**EXERCISE:** Copy exactly the line containing "Cream Sweater Urban Outfitters, Size S" and all the lines that follow it to the end of the records, minus the pictures.

[SOURCE MATERIAL — start]

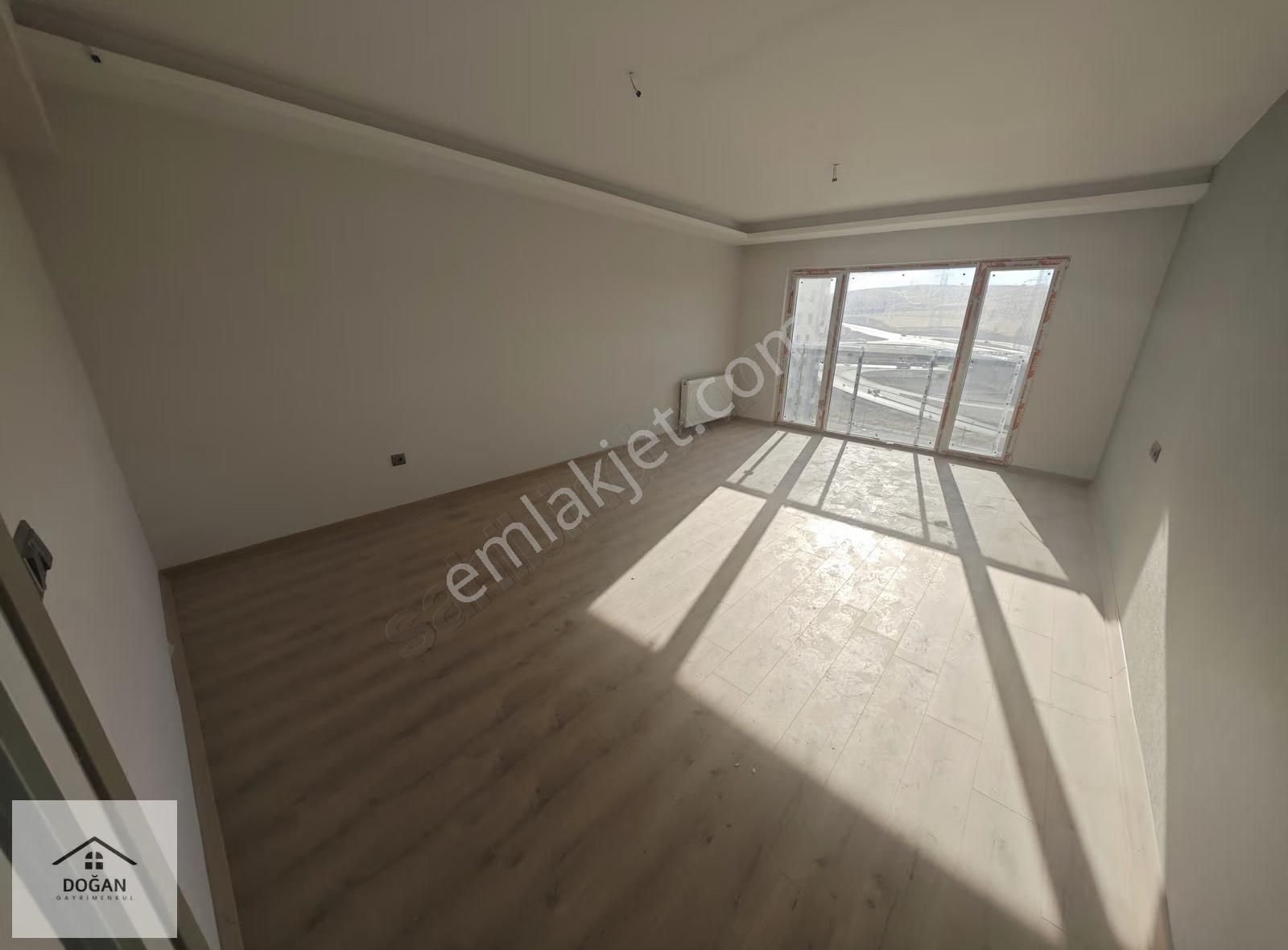 Törekent'te Site İçerisinde Sıfır Satılık Çok Geniş 2+1 Daire - Görsel 16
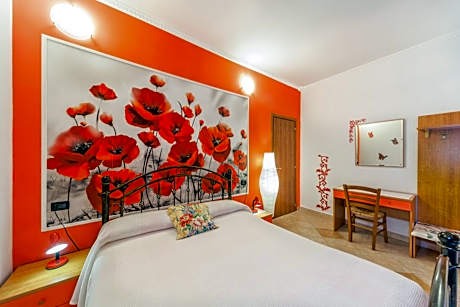 Double Room with External Private Bathroom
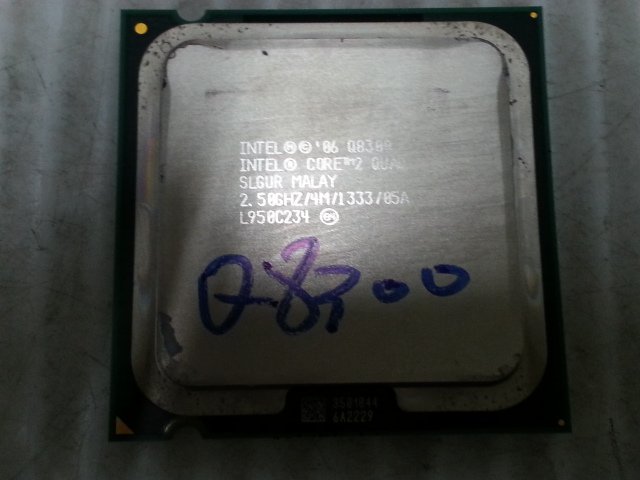 【 創憶電腦 】Intel Core 2 Quad Q8300 2.50GHZ/4M/ 775腳位 良品 直購價70元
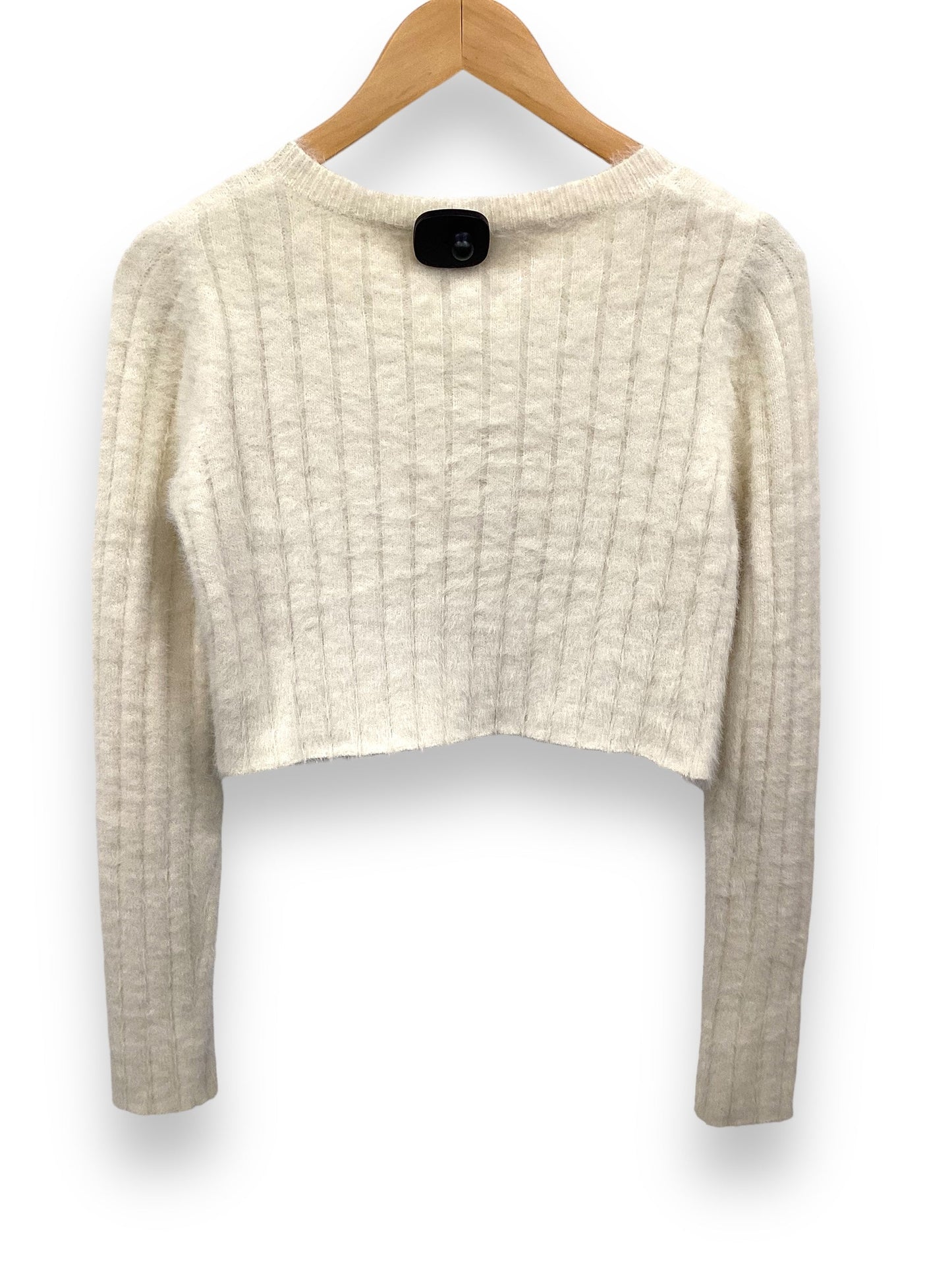 Cream Sweater Urban Outfitters, Size S
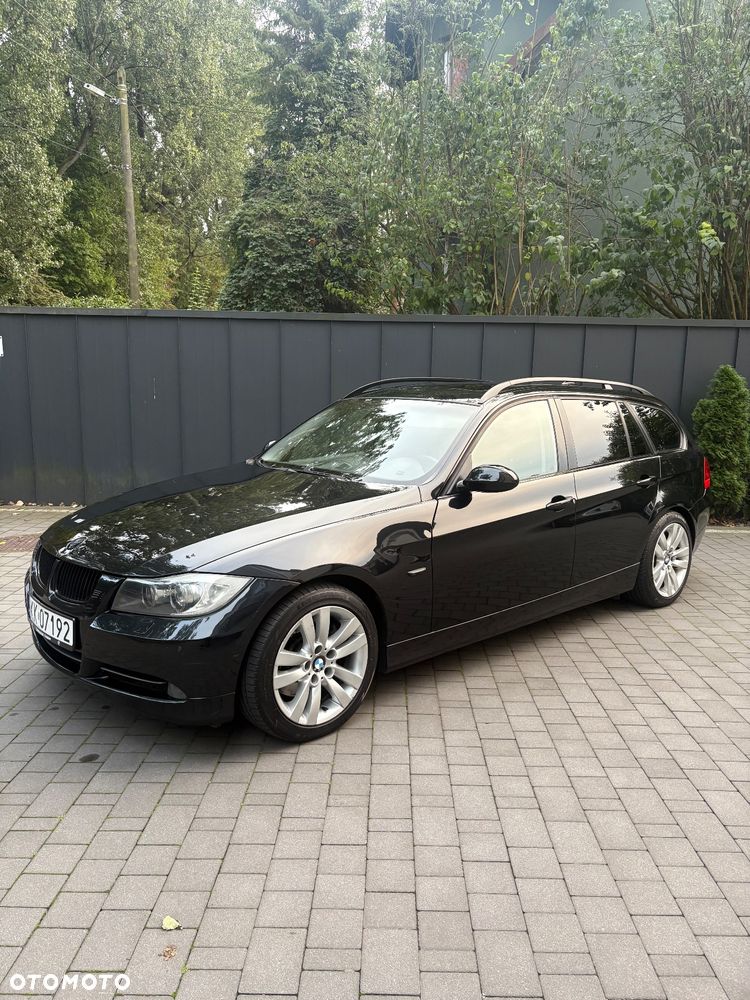 BMW Seria 3 330xi Touring - 1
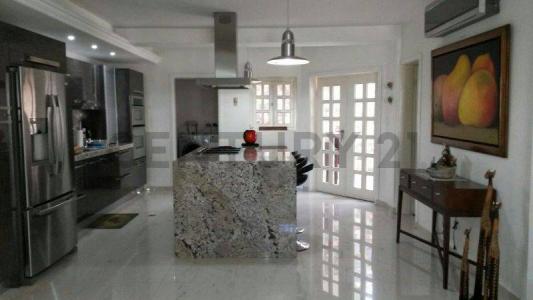 Fraternidad, Vía Los Robles Conjunto Residencial Manantial De Los Robles, El Pilar (Los Robles), Nueva Esparta 6301, Venezuela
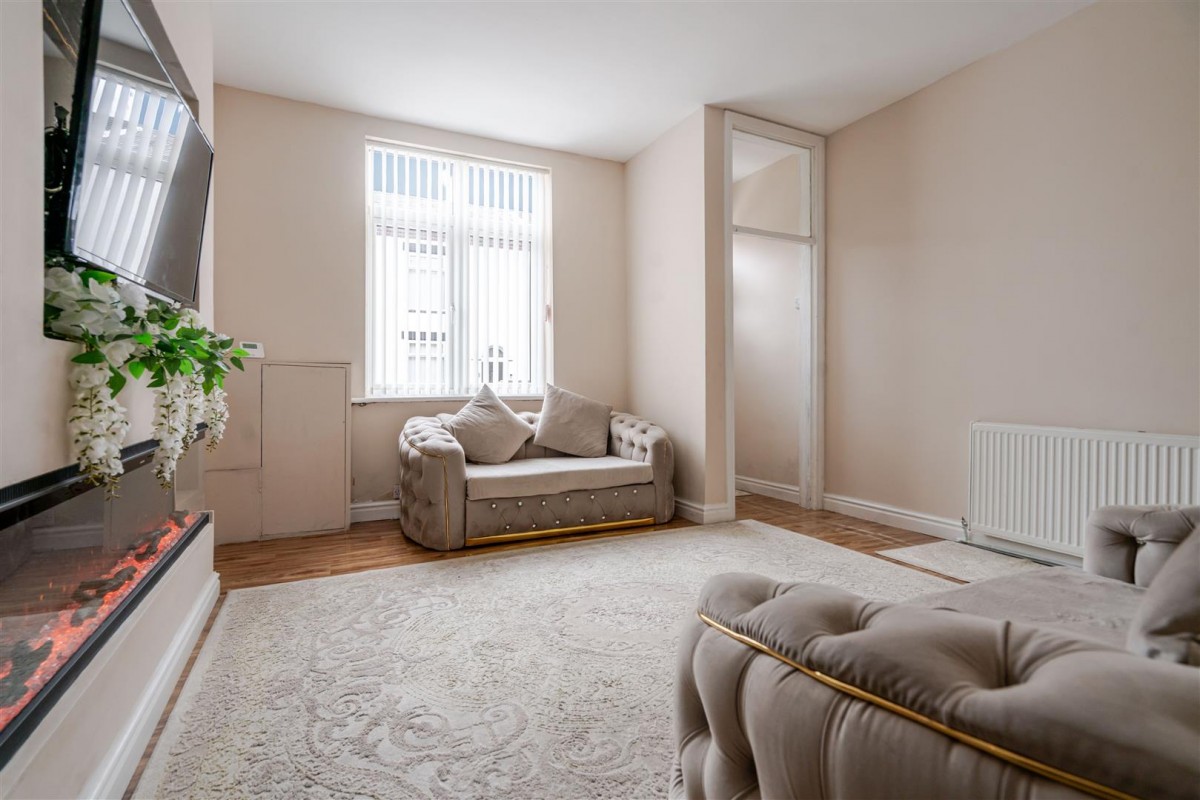 Isherwood St, Leigh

[SOURCE MATERIAL — finish]

**COMPLETED EXERCISE:**
 Cream Sweater Urban Outfitters, Size S
 BMW Seria 3 330xi Touring - 1
 Fraternidad, Vía Los Robles Conjunto Residencial Manantial De Los Robles, El Pilar (Los Robles), Nueva Esparta 6301, Venezuela
 Isherwood St, Leigh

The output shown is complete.